Barton Fink (1991) – Between Heaven or Hell in Hollywood

It’s so funny when I see the poster for this movie. John Turturro’s expression is so genuine. Seeing the mosquitoes on his forehead while imitating a plain idiotic expression. But, the poster actually has a deeper meaning. Mosquitoes can mean a disturbance so that the main character gets up again. Gets up in the sense of seeking a true passion. Or, the energy. Anyway, this film was written by the Coen brothers, 1989. At the same time, they suffered a writer’s block in “Miller’s Crossing,” one year before this film. As if, this film became an outlet for them to be able to escape from saturation. But, “Barton Fink” actually became one of the most successful films of its year. Received three awards at the 1991 Cannes Film Festival. Categories include Palme d’Or, John Turturro as Best Actor, and Best Director.

This film is like a true reflection of Hollywood. Not turning the screen of Hollywood is hell but there is another purpose. Coen brothers seem to want to show their inner conflict like a storytime. In fact, this is my favorite Coen Brothers movie in my opinion. Of course, “Barton Fink” is packaged in the Coen brothers style that is so absurd. A lot of weirdness has become its characteristics. Plus, other genres have sprung up. It’s hard to say this movie as a horror movie, drama, thriller, or comedy.

John Turturro as Barton Fink is a broadway scriptwriter.
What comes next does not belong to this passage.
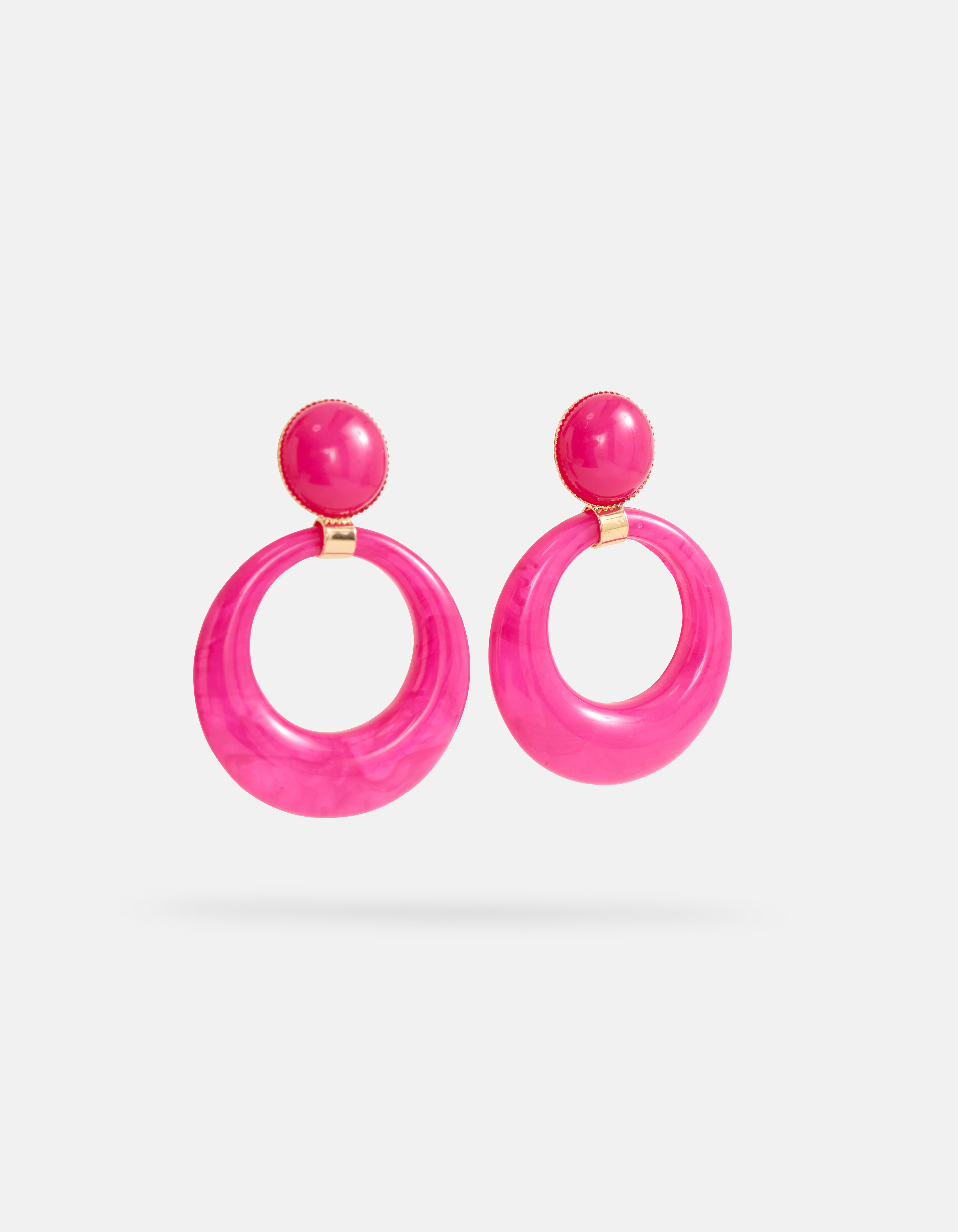 Ronde Oorbellen Roze SHOEBY ACCESSOIRES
He was very successful in New York. 1941, he reached the peak of his success until he got an offer from the Capitol pictures. There is Michael Learner as Jack Lipnick, a “scum” for Fink. Lipnick tried to offer him as much as possible. However, Fink isn’t such a person. Thinking twice, Barton Fink finally accepted it but was still hesitant to enjoy all the luxury of Hollywood. One of them, of course, is a slum hotel. Fink began the process of writing his first B-Movie script about a wrestler. Therefore, he experienced a writer block and never managed to start writing.

Strange things happen after he met John Goodman as Charlie Meadows, a salesman who lived in the next room. He also kept a feeling for Judy Davis as Audrey Taylor, secretary of W.P. Mayhew. John Mahoney as W.P. Mayhew is an idolized writer. However, his hobby who likes to drink always makes Fink disgust. Various other disturbance such as mosquitoes that appear in his room and wallpaper that is always open. One of the most disturbing things for Barton Fink as well as the audience is a painting: a woman on the beach.

Coen brothers always combine other genres that are so thick. The films are then always stylish. “Barton Fink” is a black comedy but there is a noir genre as well. The impression of horror that arises such as the depiction of the hotel setting is additional. The setting then takes us to Stanley Kubrick’sThe Shining” vibe but it’s Coen brothers. They never try to focus on just one thing. They always combine one genre into another genre.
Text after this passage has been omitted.